Note After a data update message is read from a data source, two write records are generated: update before and update after. The two write records have the same sequence ID.
scn The SCN of a data source. This field is valid when the data source is an Oracle database.
op The type of the operation that is performed on the data in a data source. Valid values:
  • INSERT: inserts data.
  • UPDATE_BEFOR: updates data (before).
  • UPDATE_AFTER: updates data (after).
  • DELETE: deletes data.
  • TRANSACTION_BEGIN: starts a data source transaction.
  • TRANSACTION_END: terminates a data source transaction.
  • CREATE: creates a table in a data source.
  • ALTER: modifies a table in a data source.
  • QUERY: queries data changes in a database by executing the SQL statements that cause the data changes.
  • TRUNCATE: removes all rows from a table in a data source.
  • RENAME: renames a table in a data source.
  • CINDEX: creates an index.
  • DINDEX: deletes an index.
  • MHEARTBEAT: a heartbeat message which indicates that a sync node runs normally when no new data is generated in a data source.
timestamp The timestamp of a data record.

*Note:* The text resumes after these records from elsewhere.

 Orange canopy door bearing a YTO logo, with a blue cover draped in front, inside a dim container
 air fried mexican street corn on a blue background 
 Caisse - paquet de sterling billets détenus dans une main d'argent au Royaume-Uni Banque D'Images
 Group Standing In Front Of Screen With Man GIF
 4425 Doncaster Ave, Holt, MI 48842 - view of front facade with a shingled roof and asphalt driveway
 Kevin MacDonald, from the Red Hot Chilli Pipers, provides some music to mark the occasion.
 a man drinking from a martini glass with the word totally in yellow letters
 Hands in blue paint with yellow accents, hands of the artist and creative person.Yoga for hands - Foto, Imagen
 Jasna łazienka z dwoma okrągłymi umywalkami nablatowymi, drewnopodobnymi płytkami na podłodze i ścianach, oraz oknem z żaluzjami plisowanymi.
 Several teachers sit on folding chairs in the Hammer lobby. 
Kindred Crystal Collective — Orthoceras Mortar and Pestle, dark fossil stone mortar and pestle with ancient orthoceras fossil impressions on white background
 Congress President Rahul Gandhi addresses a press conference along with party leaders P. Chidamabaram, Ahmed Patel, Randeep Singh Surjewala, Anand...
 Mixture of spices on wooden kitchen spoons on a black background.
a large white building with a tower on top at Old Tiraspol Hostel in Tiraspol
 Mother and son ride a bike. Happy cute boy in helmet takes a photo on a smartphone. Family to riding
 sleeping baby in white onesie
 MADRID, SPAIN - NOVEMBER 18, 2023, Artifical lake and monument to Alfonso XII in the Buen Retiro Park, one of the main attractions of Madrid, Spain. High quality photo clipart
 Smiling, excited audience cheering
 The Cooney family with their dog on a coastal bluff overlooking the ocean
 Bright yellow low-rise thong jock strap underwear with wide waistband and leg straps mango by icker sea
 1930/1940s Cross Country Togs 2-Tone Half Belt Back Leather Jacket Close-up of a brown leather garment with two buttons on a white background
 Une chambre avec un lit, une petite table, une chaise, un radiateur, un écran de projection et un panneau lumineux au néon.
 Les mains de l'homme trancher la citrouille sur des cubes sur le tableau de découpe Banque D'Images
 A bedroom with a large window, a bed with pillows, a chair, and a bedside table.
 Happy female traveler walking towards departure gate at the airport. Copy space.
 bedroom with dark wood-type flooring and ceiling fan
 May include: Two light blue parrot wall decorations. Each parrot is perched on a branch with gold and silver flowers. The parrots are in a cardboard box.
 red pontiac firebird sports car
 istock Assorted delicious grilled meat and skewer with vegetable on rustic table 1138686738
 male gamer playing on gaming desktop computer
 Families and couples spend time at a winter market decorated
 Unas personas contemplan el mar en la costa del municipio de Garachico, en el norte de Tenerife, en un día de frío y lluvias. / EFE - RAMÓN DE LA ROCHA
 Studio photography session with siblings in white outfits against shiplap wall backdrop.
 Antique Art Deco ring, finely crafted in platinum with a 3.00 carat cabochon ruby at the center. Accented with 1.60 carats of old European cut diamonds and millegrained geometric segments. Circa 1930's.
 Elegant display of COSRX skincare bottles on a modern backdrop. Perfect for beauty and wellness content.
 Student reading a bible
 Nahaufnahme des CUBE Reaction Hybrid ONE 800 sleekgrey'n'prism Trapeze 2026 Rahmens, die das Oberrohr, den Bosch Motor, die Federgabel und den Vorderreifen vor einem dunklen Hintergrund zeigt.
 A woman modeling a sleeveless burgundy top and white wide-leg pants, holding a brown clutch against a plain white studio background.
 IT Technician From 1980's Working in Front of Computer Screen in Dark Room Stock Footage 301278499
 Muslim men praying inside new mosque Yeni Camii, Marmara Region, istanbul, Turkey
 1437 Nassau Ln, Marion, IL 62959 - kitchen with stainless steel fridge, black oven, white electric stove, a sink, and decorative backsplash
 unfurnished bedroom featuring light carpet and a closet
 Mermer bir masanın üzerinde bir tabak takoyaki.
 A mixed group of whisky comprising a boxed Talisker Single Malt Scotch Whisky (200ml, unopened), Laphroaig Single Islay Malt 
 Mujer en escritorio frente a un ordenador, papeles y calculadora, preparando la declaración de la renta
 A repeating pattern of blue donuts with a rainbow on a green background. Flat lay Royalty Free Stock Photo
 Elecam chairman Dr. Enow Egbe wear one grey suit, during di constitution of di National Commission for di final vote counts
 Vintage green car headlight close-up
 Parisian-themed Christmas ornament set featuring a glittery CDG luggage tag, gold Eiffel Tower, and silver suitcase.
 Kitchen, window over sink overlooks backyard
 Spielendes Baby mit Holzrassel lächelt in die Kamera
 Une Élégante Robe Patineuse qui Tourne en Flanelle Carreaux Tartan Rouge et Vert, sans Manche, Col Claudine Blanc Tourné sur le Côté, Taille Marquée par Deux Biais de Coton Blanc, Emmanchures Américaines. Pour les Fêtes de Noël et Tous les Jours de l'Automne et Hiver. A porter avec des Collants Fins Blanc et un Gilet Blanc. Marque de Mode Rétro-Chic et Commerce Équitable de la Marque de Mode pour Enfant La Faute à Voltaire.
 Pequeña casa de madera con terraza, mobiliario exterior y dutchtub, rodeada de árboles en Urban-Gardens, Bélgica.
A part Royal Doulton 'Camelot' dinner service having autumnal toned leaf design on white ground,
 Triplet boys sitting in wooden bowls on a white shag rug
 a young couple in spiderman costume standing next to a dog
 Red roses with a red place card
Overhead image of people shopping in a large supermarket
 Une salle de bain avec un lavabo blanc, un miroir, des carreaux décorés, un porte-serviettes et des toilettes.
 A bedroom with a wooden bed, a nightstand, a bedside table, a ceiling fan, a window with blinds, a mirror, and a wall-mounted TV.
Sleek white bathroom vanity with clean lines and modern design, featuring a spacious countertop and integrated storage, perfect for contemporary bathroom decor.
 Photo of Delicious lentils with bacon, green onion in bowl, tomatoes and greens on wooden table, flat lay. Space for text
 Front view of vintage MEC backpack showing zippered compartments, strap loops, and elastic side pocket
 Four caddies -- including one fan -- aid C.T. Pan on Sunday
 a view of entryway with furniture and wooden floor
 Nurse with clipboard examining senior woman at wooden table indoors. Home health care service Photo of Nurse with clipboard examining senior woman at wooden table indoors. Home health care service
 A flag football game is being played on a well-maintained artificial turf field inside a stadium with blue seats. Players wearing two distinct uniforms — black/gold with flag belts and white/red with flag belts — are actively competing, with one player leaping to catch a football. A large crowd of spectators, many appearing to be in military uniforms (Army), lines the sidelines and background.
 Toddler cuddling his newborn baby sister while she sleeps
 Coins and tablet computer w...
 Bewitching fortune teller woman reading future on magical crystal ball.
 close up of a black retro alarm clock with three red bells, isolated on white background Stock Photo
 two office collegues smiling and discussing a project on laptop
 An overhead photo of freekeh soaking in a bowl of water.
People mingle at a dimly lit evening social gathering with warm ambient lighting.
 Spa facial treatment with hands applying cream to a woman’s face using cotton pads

The value is of the JSONObject type.
  • eventTime: the time when the data in the source database changes. The value is a 13-bit timestamp in milliseconds and is of the Long type.
  • systemTime: the time when the sync node reads the change message. The value is a 13-bit timestamp in milliseconds and is of the Long type.
  • checkpointTime: the specified time when the synchronization offset is reset. The value is a 13-bit timestamp in milliseconds and usually equals the value of the eventTime field. The value is of the Long type.
ddl This field is specified only when the schema of a table in a data source is changed. The value is null when an operation, such as data addition, deletion, or modification is performed in a data source.
  • text: indicates the text of a DDL statement in a data source. The value is of the String type.
  • ddlMeta: a Base64-encoded string that is obtained from a serialized Java object. The Java object records a DDL-based change. The value is of the String type.
version N/A The version of data in the JSON format.